WORK ITEM => Give exactly the lines from the one with "Zwangerschapsjurk van linnen Biege - Kiabi" through the final line of the listing below, both included, leaving out any pictures.

DATA BELOW =>
*** Block opens ***
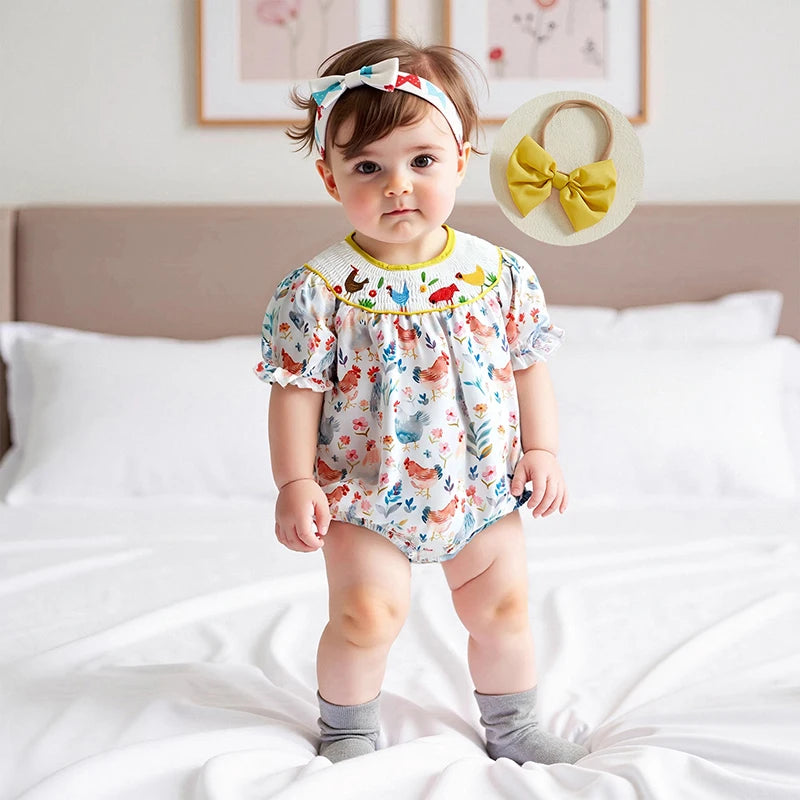 Adorable Toddler Floral Print Sleeveless Romper with Matching Bow Headband Set for Summer Outings and Playdates Shopifynow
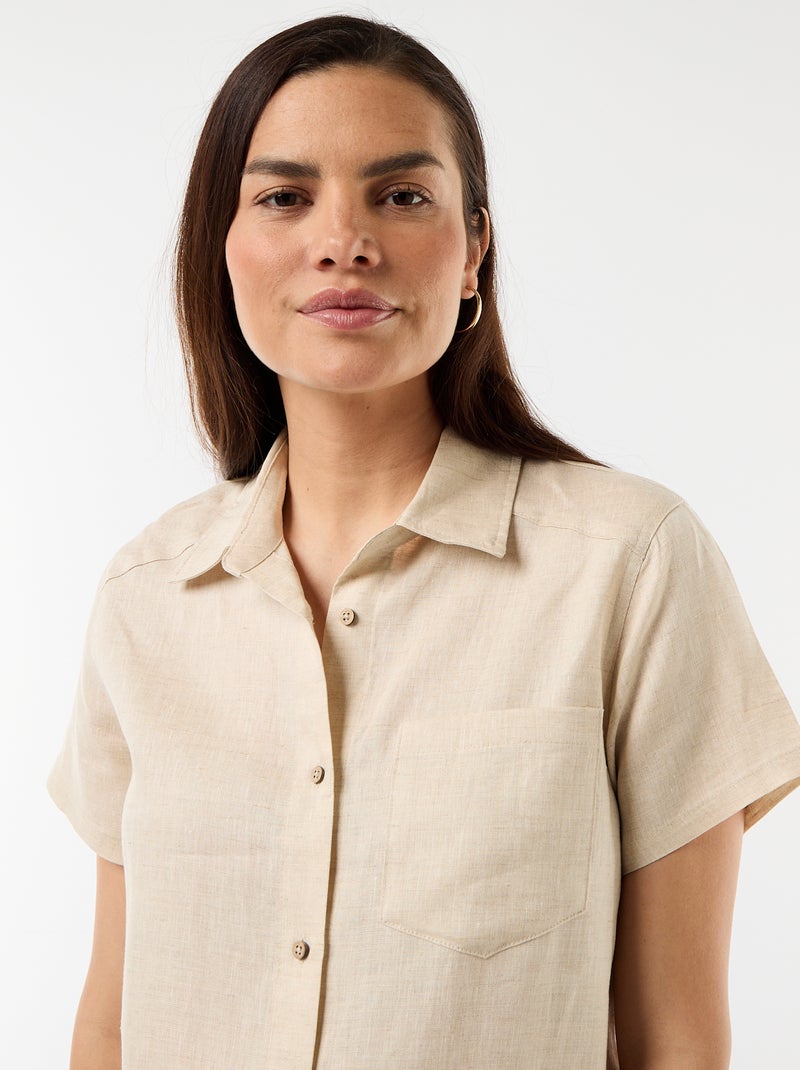 Zwangerschapsjurk van linnen Biege - Kiabi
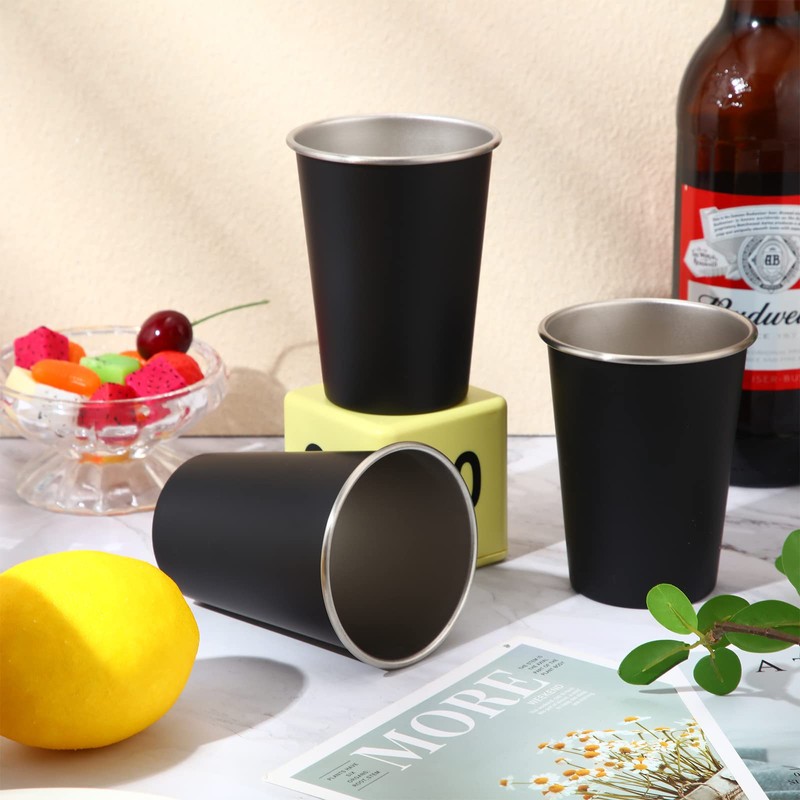 10 Packs Stainless Steel Cups Unbreakable 12 oz Metal Cup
*** Block closes ***
TASK OUTPUT =>
 Zwangerschapsjurk van linnen Biege - Kiabi
 10 Packs Stainless Steel Cups Unbreakable 12 oz Metal Cup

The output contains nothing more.